RECORDS PROVIDED below:

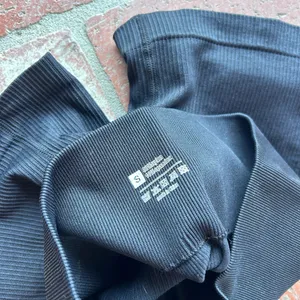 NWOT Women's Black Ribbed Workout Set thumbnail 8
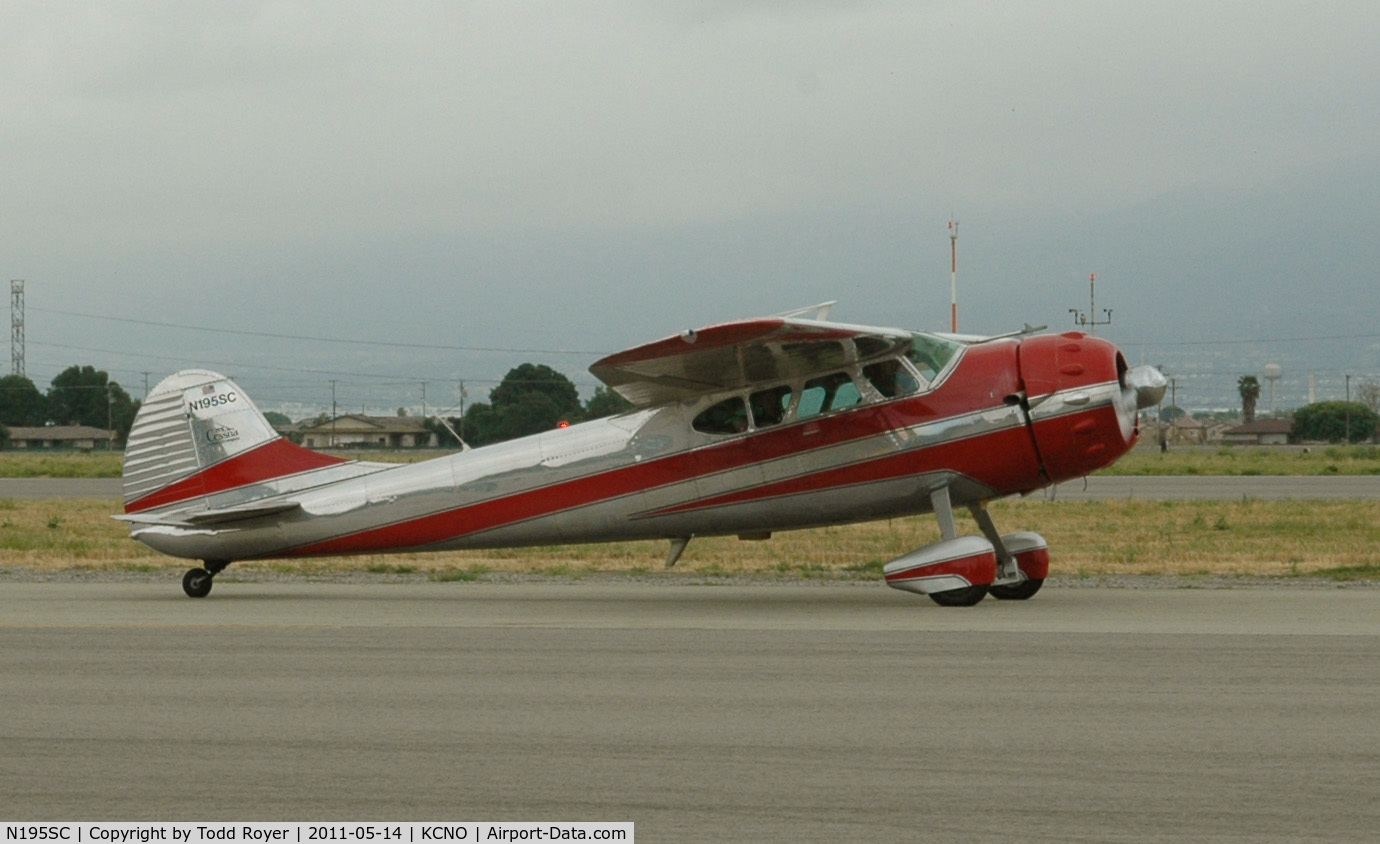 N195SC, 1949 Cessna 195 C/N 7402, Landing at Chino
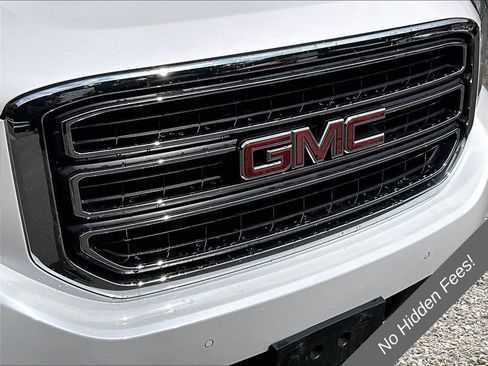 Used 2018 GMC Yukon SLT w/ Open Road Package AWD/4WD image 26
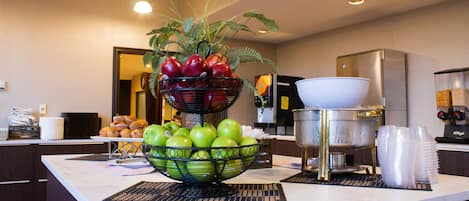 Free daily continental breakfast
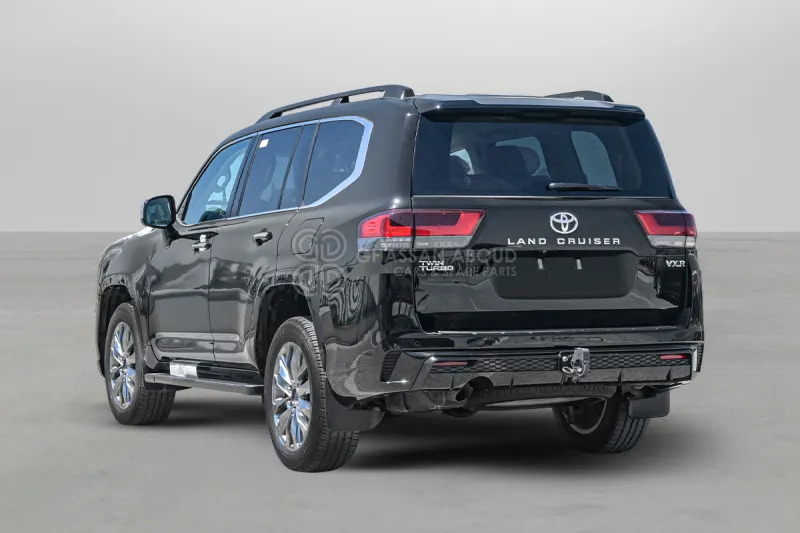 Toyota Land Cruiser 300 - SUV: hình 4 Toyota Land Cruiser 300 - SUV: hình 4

End of RECORDS PROVIDED.
RECORDS PROVIDED below:

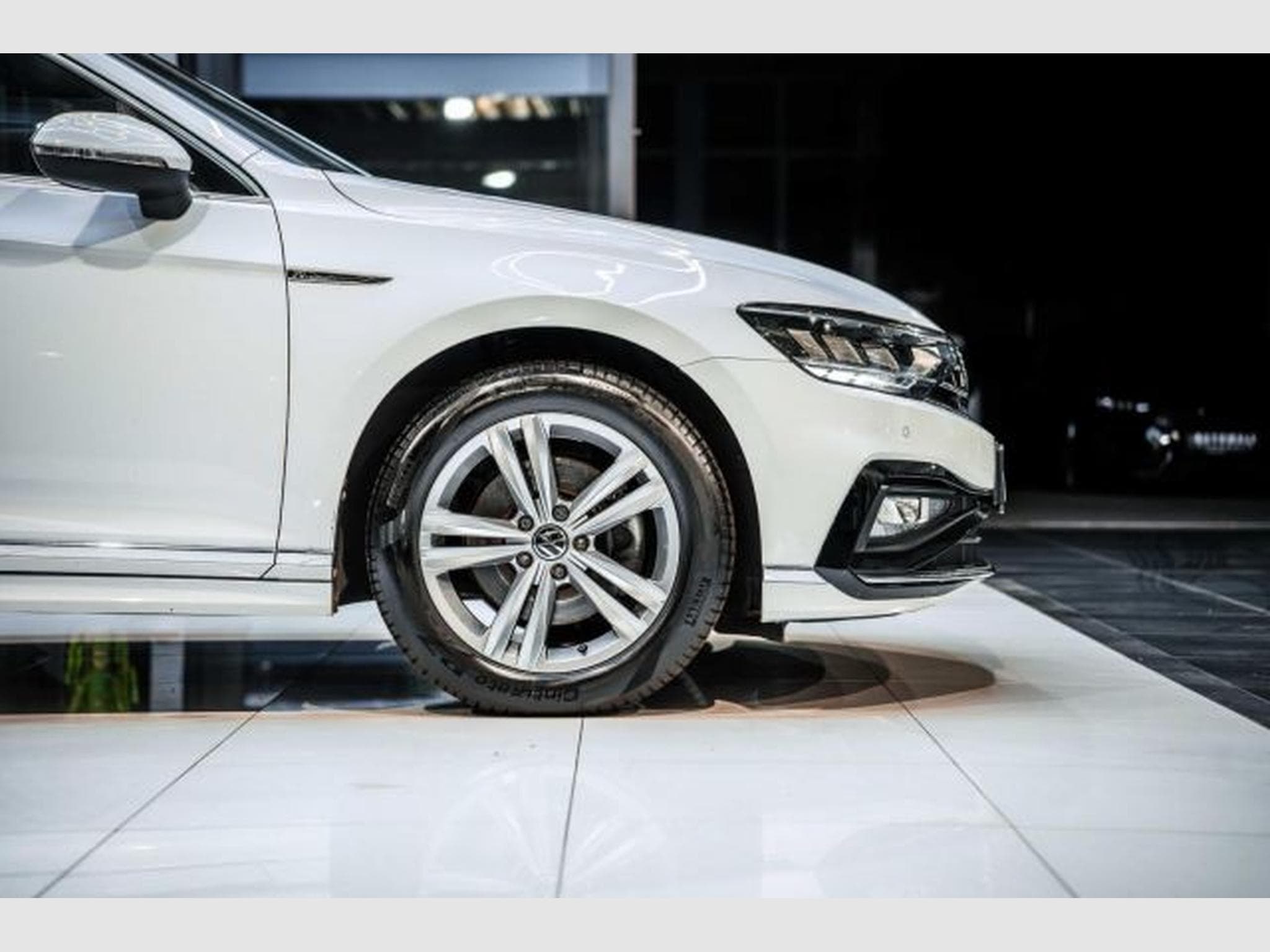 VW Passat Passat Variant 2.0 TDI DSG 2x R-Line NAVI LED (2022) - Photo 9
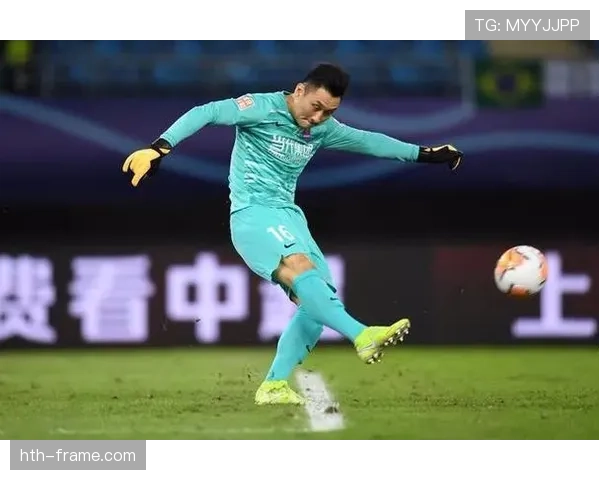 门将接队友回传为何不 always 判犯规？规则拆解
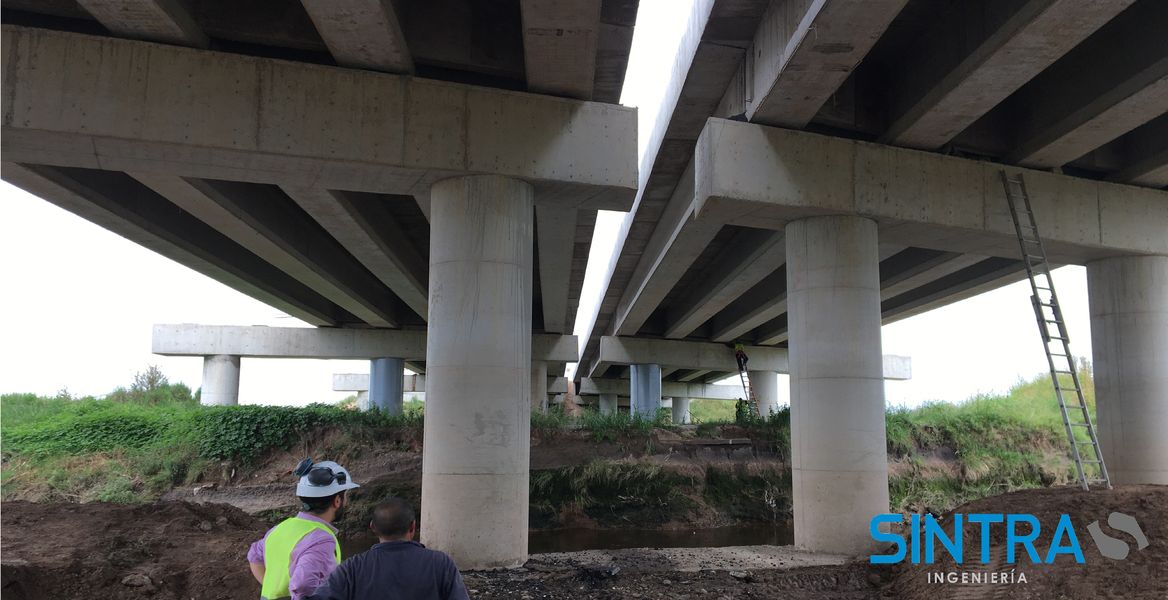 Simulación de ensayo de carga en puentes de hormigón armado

End of RECORDS PROVIDED.

:: EXERCISE DESCRIPTION ::
Your copy should hold the lines from the one with "NWOT Women's Black" up to and including the one with "Toyota Land Cruiser 300 - SUV: hình 4 Toyota", exactly as in the data above, and no pictures.

:: RESPONSE FOR THIS EXERCISE ::
 NWOT Women's Black Ribbed Workout Set thumbnail 8
 N195SC, 1949 Cessna 195 C/N 7402, Landing at Chino
 Used 2018 GMC Yukon SLT w/ Open Road Package AWD/4WD image 26
 Free daily continental breakfast
 Toyota Land Cruiser 300 - SUV: hình 4 Toyota Land Cruiser 300 - SUV: hình 4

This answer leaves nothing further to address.